# [TASK DATA]
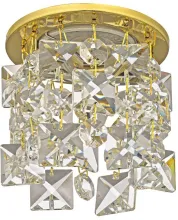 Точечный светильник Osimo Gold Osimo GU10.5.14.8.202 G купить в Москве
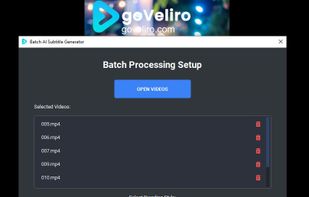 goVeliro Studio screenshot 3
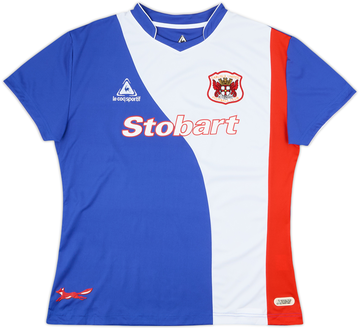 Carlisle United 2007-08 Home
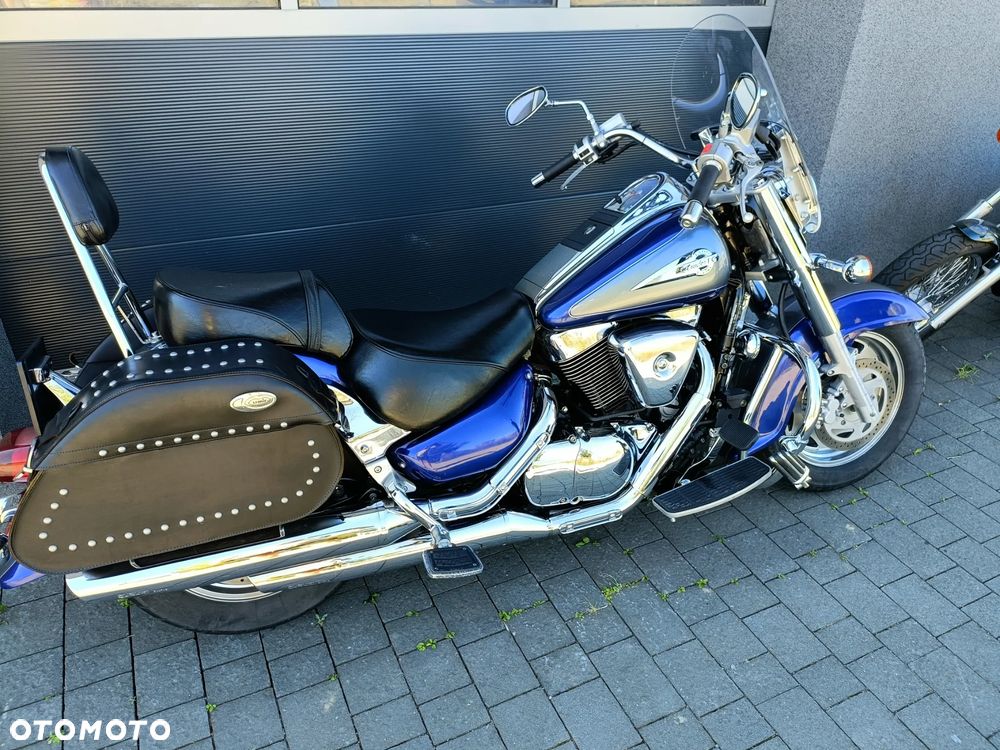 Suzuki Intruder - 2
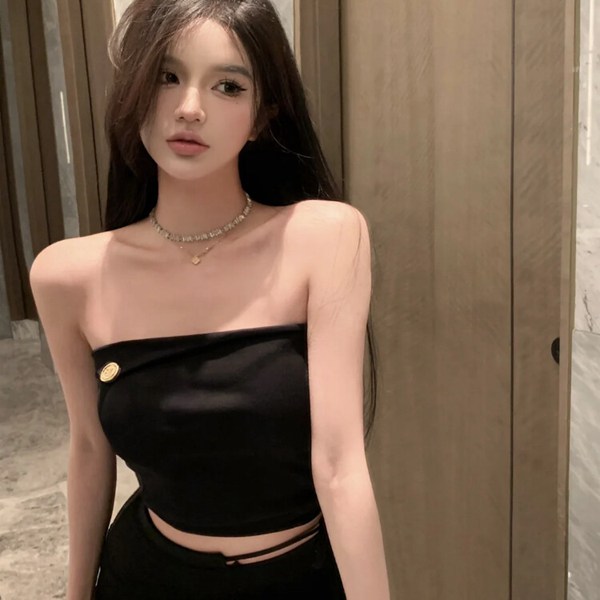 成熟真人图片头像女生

# [WHAT YOU HAVE TO DO]
What is needed is an exact reprint of every entry, pictures excluded.

# [SOLUTION]
 Точечный светильник Osimo Gold Osimo GU10.5.14.8.202 G купить в Москве
 goVeliro Studio screenshot 3
 Carlisle United 2007-08 Home
 Suzuki Intruder - 2
 成熟真人图片头像女生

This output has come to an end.